Friday, September 12, 2014

Total Shots Ratio as a predictor of match outcome

In this post, I take a closer look at the granddaddy of advanced soccer stats, James Grayson's Total Shots Ratio (TSR). In particular, I will assess the potential utility of TSR as a predictor of match outcome in Scottish football. 

To do this, I downloaded some match results data for the Scottish top-flight (2000-2014) from my usual source, XMLSOCCER.COM and wrangled it into R using the XML package.

To begin, the plot below shows that there is a positive relationship between TSR and goal difference at the match level, as expected.

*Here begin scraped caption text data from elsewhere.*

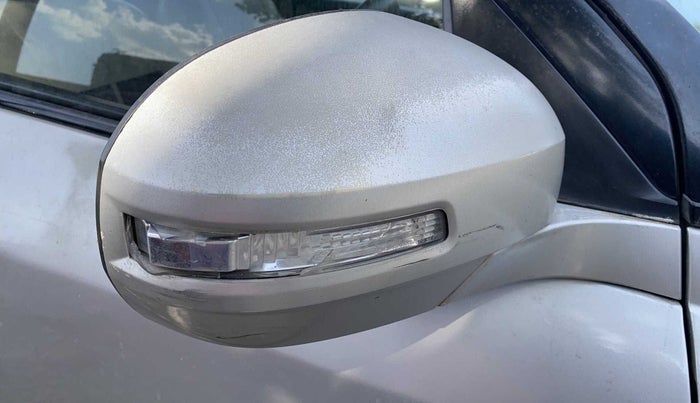 2012 Maruti Swift Dzire VXI, Petrol, Manual, 70,713 km, Right rear-view mirror - Indicator light has minor damage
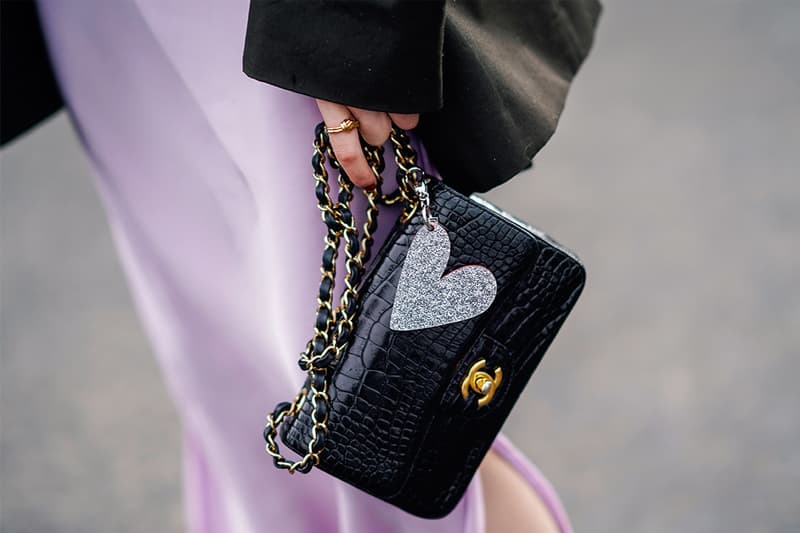 chanel-bag black street style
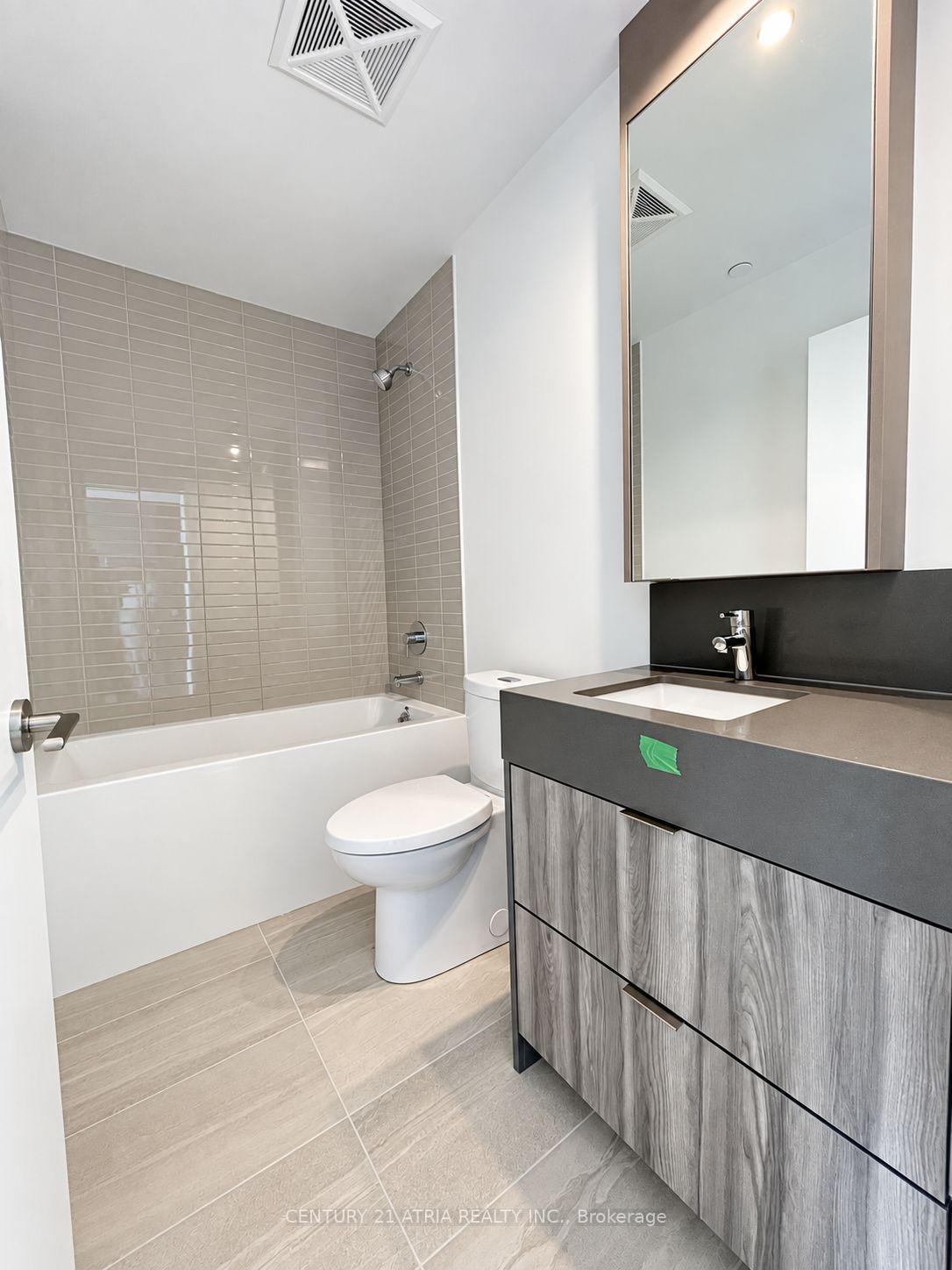 Photo 6 of Unit 2417, 6 Flavelle Trail, Vaughan, Steeles West Industrial — HOMEH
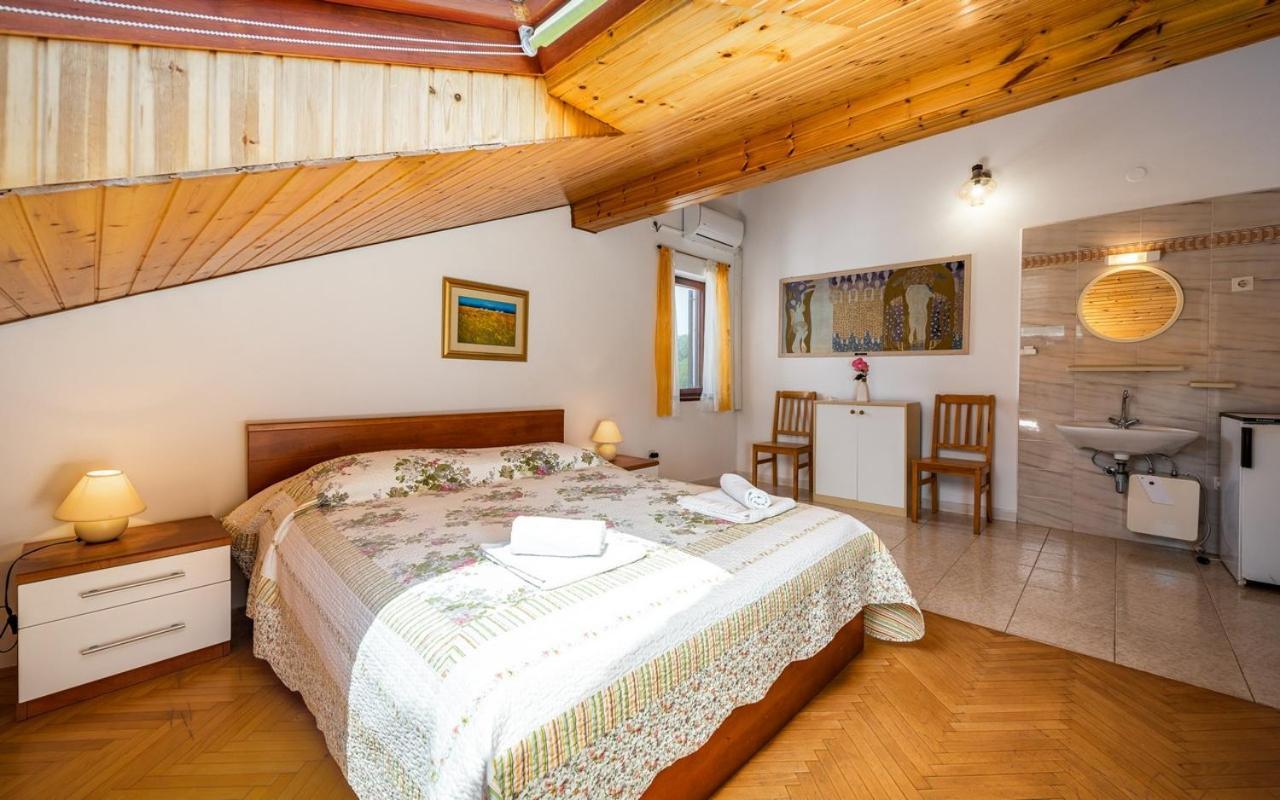 Bašanija Apartmani Lido מראה חיצוני תמונה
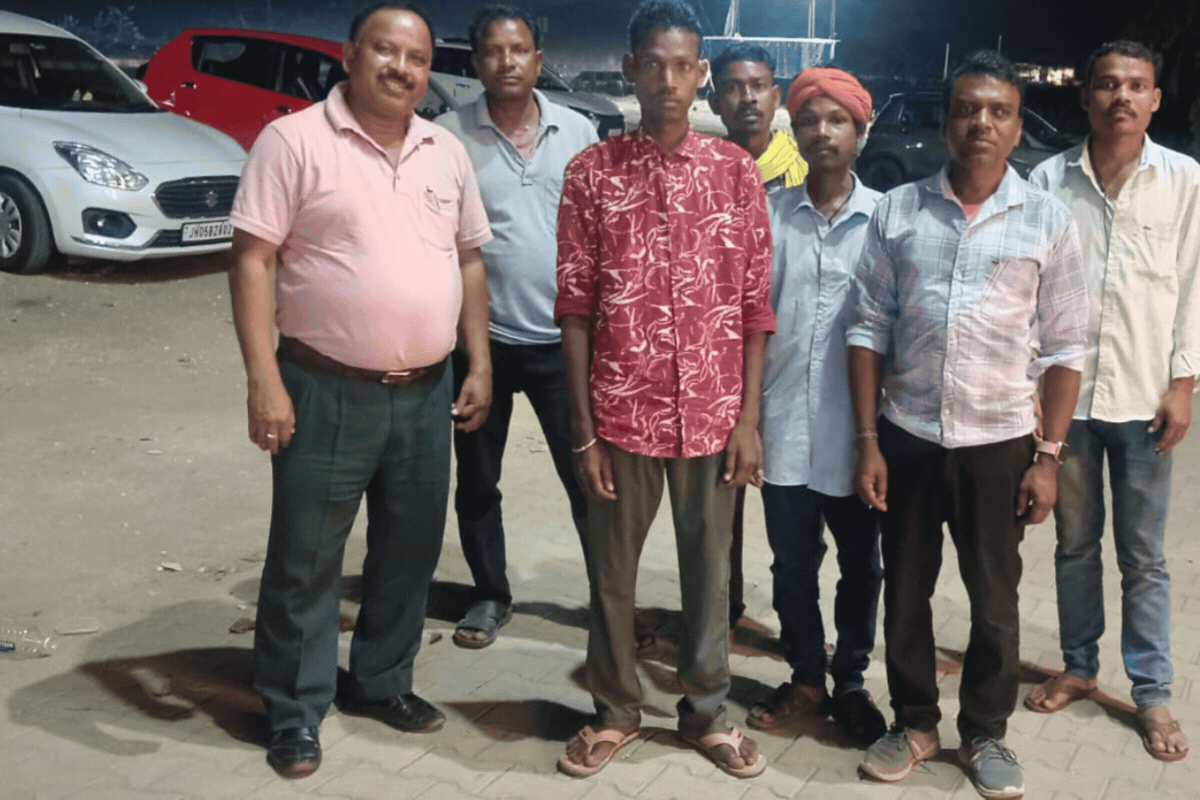 चक्रधरपुर में ​मानसिक रोगियों के लिए उम्मीद की किरण बने रविंद्र मंडल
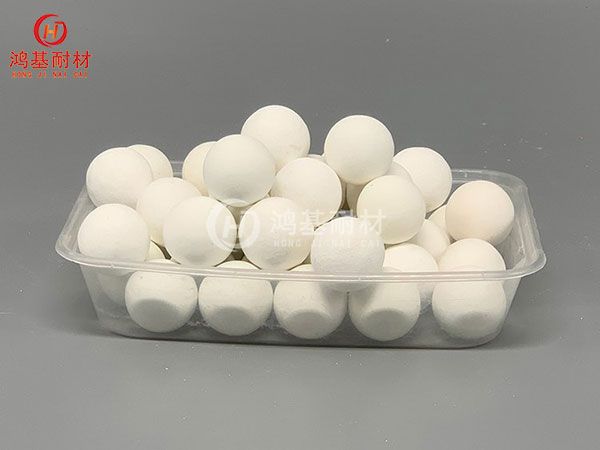 刚玉质耐火球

This relationship is statistically significant with TSR explaining ~20% of the variation in goal difference at the match level.



Next, I was curious to see how well TSR predicted the outcome of a match  (i.e, which team wins). So I built a simple logistic regression model in R using the glm function.

First, I transformed the continuous variable home goal difference into a binary response variable for use in the logistic regression (1 = home win, 0 = home loss or draw). Then I split the sample into separate training (n=1911) and validation (n=1273) data sets.

The logistic regression was built using the training data, and then applied to the validation data to estimate prediction accuracy.

Here is the resulting confusion matrix for the validation data.

Observed loss/draw
Observed win
Predicted loss/draw
543
283
Predicted win
165
282

As you can see, the logistic regression model does not do a very good job of predicting match winners in the validation sample; it has poor sensitivity (282/565=0.50). However, the model does a much better job of correctly identifying losses/draws, which means it has high specificity (543/708=0.77).

Thus, the overall accuracy of the model is 65%, which is significantly better than chance. 

So as a predictor (or at least retrodictor) of the outcome of a Scottish top-flight football match, a simple logistic regression with TSR as the sole independent variable performs much better than flipping a coin. In fact, the model is right about 2/3 of the time.

Not bad.

An additional insight from this analysis is that having a relatively high TSR gives a team a 50/50 chance of winning, but having a relatively low TSR gives a team a >75% chance of NOT winning.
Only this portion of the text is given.